How do you evaluate active learning?

The standard process is to compare to uniform sampling (sometime refered as Random). Some datasets are better to use than others. Academic datasets are often too clean for active learning because they were manually curated. Remember that active learning works best on industrial datasets where duplicates, low-information examples or noisy examples are common.

Which query size to use?

Of course the lower the better, but Atighehchian et al. shows that BALD works well with a query size under 1000. This was tested on an academic dataset where Random sampling is especially strong. In practice, BALD performs worse on low-diversity datasets and could wrongly behave on a lower query size.

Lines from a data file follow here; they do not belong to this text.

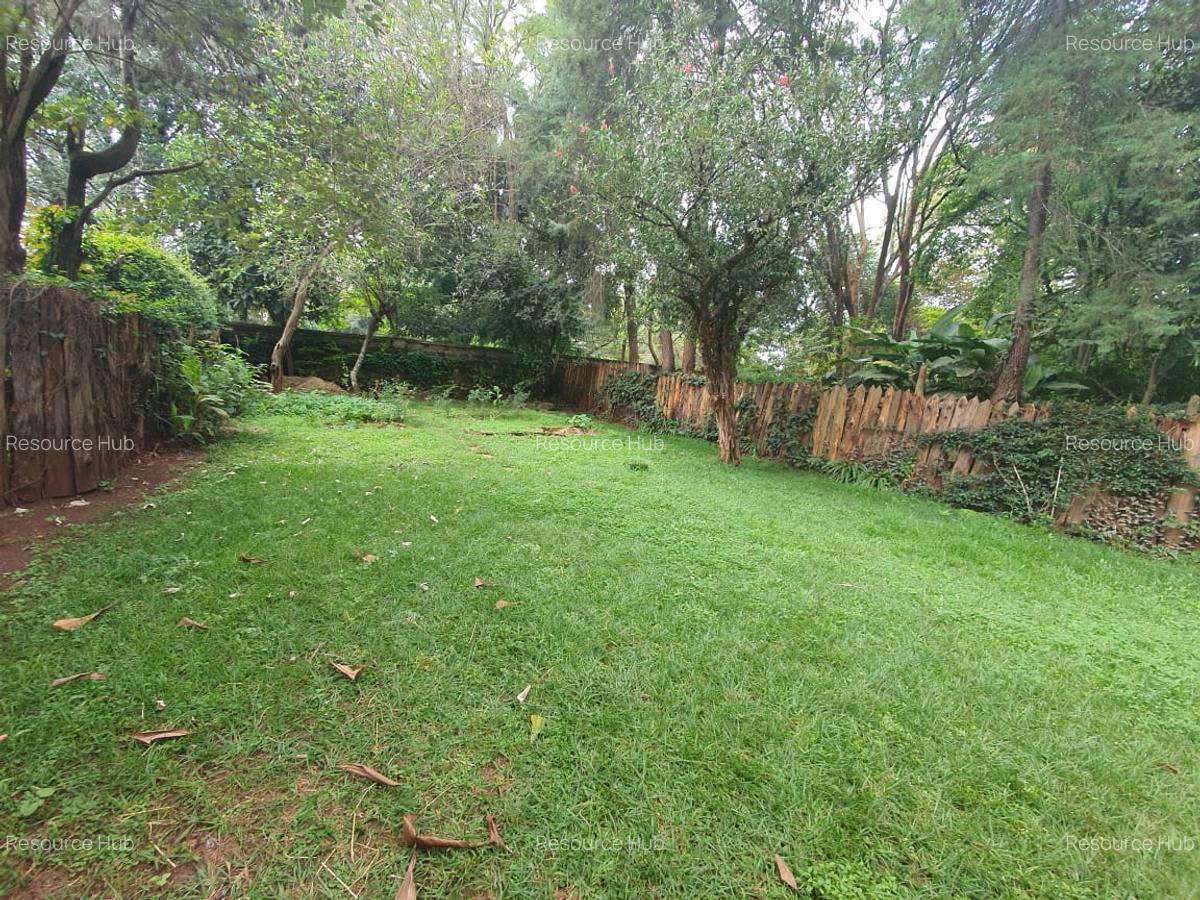 4 Bed Townhouse with En Suite at Lavington - 3
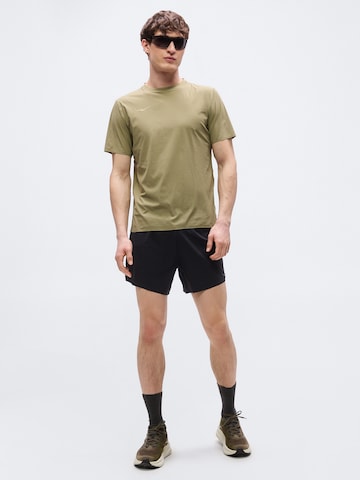 HOKA - Camiseta funcional 'AIROLITE 2.0' en verde
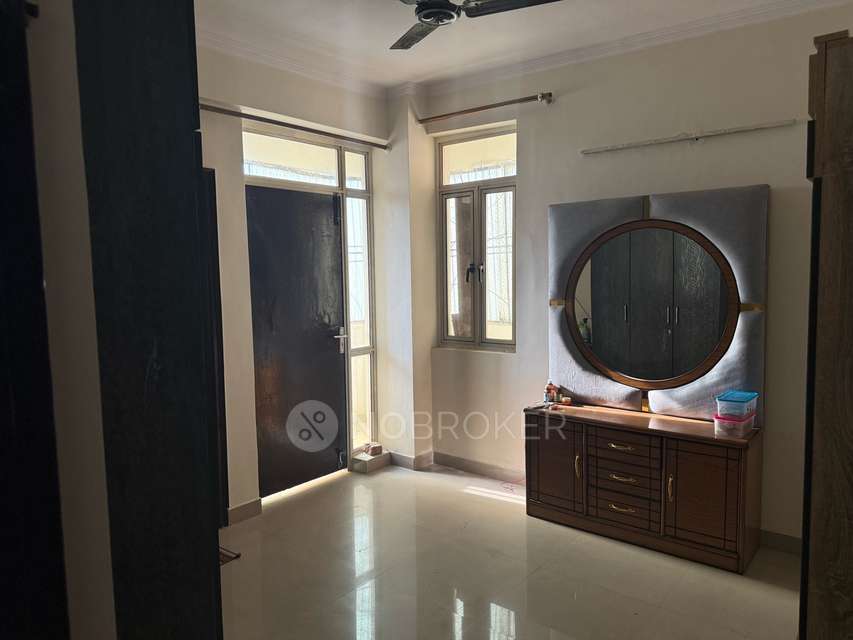 3 BHK Flat In Parsvnath Sterling For Sale  In  Loni Industrial Area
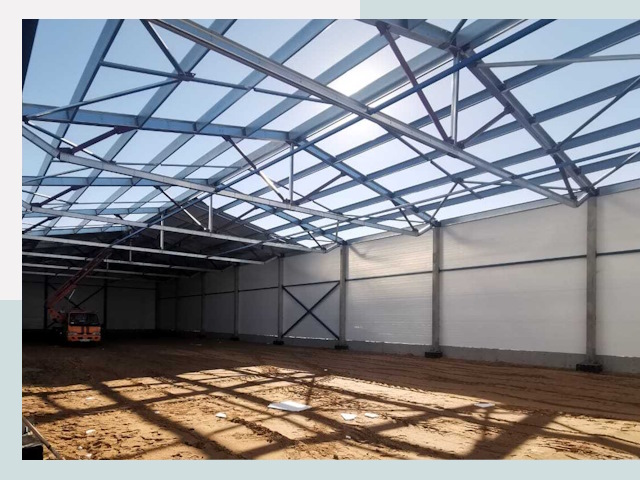 Строительство сенохранилищ в Учалах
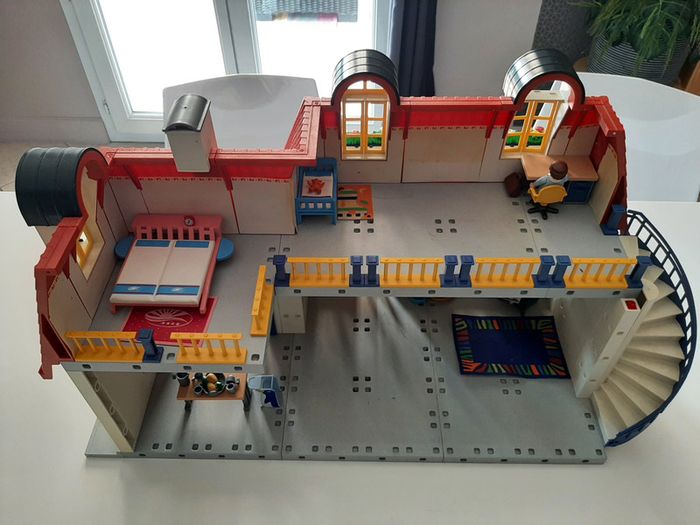 Playmobil très grande (et belle) maison fleurie à étage avec personnages et mobilier, décorations - photo numéro 5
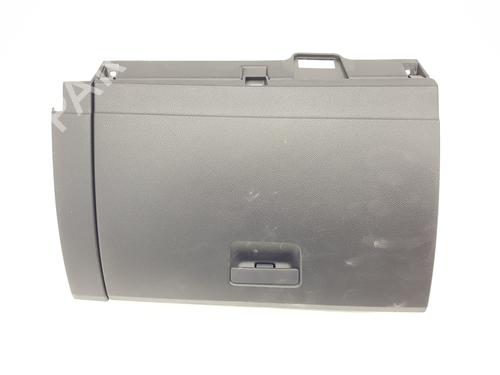 Used Glove box SEAT IBIZA V (KJ1, KJG) 1.6 (110 hp) 13523955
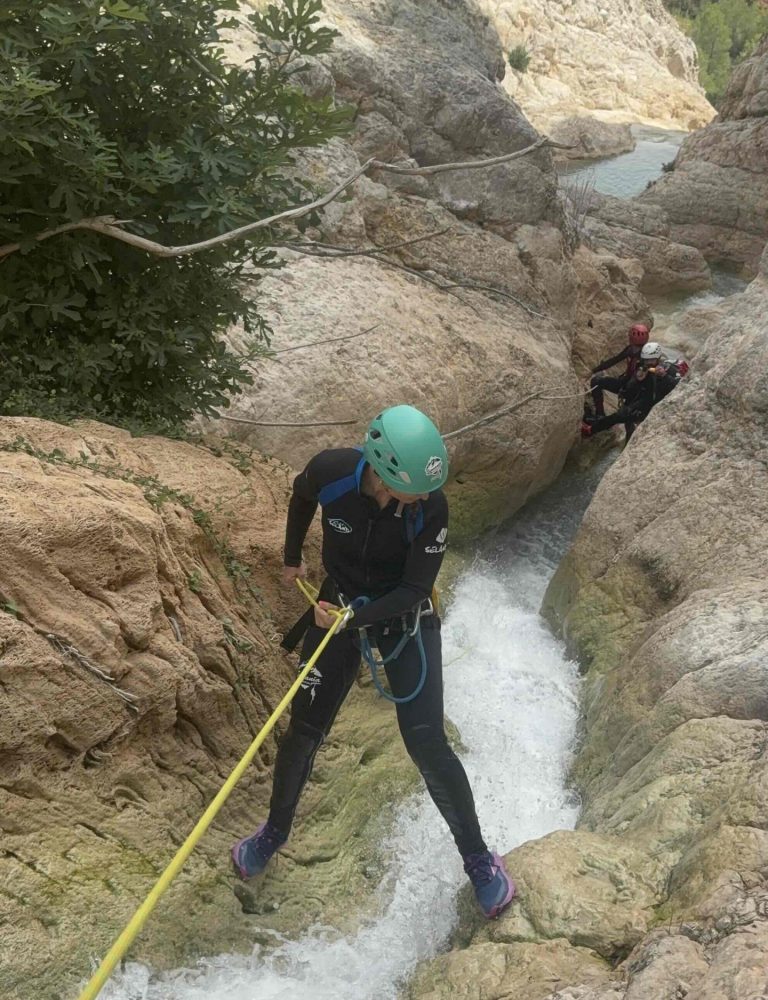 Barranquismo Barranco Umbría de la Viña Chera Valencia by Serranía Aventura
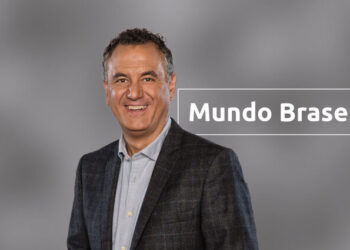 Antena 3 premia a Roberto Brasero con un programa informativo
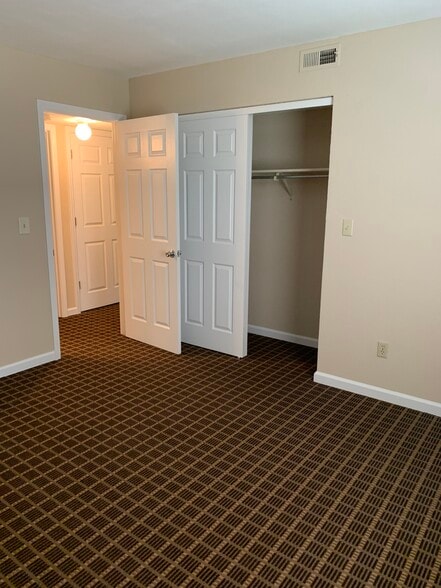 Building Photo - 536 Huron Dr W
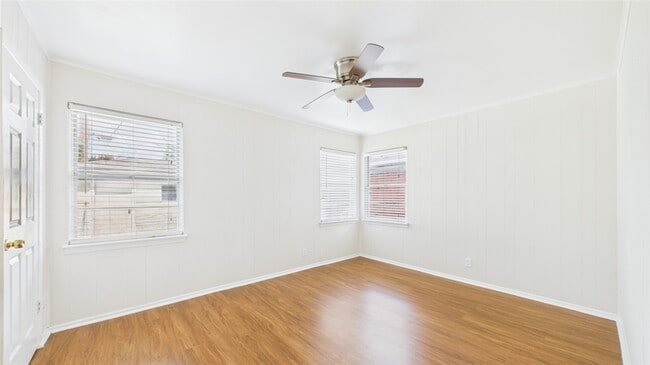 Building Photo - 2318 Reinerman St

Tips & Trick for a successful active learning experiment

Many of these tips can be found in our paper Bayesian active learning for production.

Remove data augmentation when computing uncertainty

You can specify which variables to override when creating the unlabelled pool using the pool_specifics argument.

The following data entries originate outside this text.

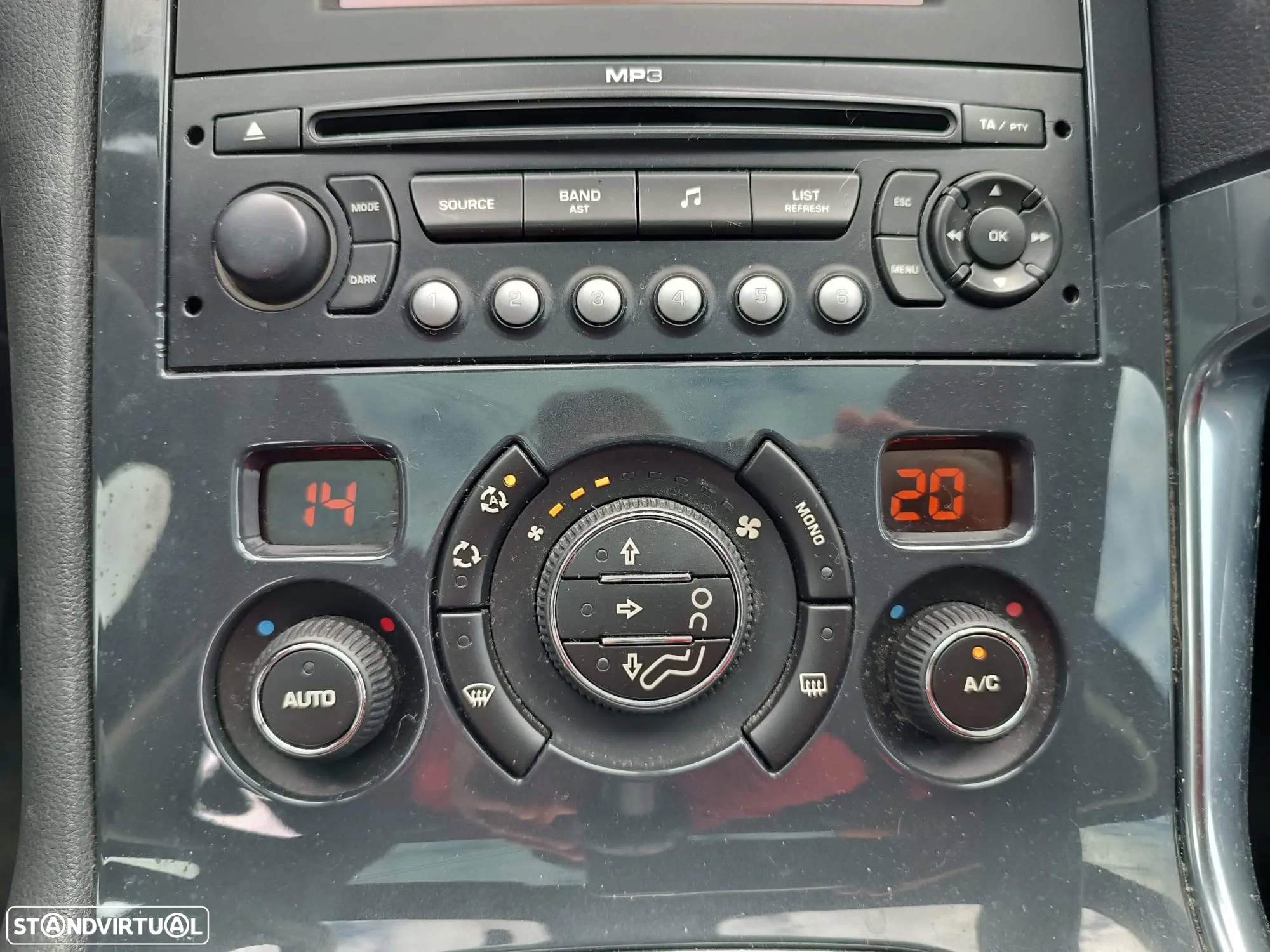 Peugeot 3008 1.6 HDi Executive - 21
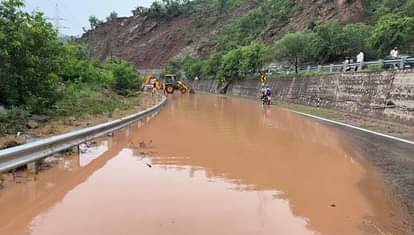 Udhampur, Rain, Water At road, Highway Effected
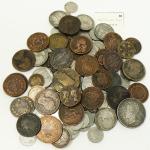 Ensemble d'environ 50 monnaies diverses dont 10 en argent, antiques...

from torchvision import transforms

transform = transforms.Compose([
    transforms.Resize(32),
    transforms.RandomHorizontalFlip(),
    transforms.ToTensor()
])
test_transform = transforms.Compose([
    transforms.Resize(32),
    transforms.ToTensor()
])

your_dataset = ADataset(transform=transform)
active_dataset = ActiveLearningDataset(your_dataset, pool_specifics={'transform': test_transform})

# active_dataset will use data augmentation
# the pool will use the `test_transform`
pool = active_dataset.pool

Reset the model to its original weights (Gal et al. 2017)

# Make a deep copy of the initial weights
initial_weights = copy.deepcopy(model.state_dict())
loop = ActiveLearningLoop(...)

for al_step in range(NUM_AL_STEP):
    # Reset the weights to its initial value
    model.load_state_dict(initial_weights)
    # Train to convergence
    model.train_on_dataset(...)
    # Test on the validation set.
    model.test_on_dataset(...)
    # Label the next set of labels.
    loop.step()

Use Bayesian model average when testing.

When using MC-Dropout, or any other Bayesian methods, you will want to compute the Bayesian model average (BMA) at test time too.

To do so, you can specify the average_predictions parameters in ModelWrapper.test_on_dataset. The prediction will be averaged over iterations stochastic predictions.

This will slightly increase the ECE of your model and will improve the predictive performance as well.

Compute uncertainty on a subset of the unlabelled pool

Predicting on the unlabelled pool is the most time consuming part of active learning, especially in expensive tasks such as segmentation.

Our work shows that predicting on a random subset of the pool is as effective as the full prediction. Baal supports this features throught the max_samples argument in ActiveLearningPool.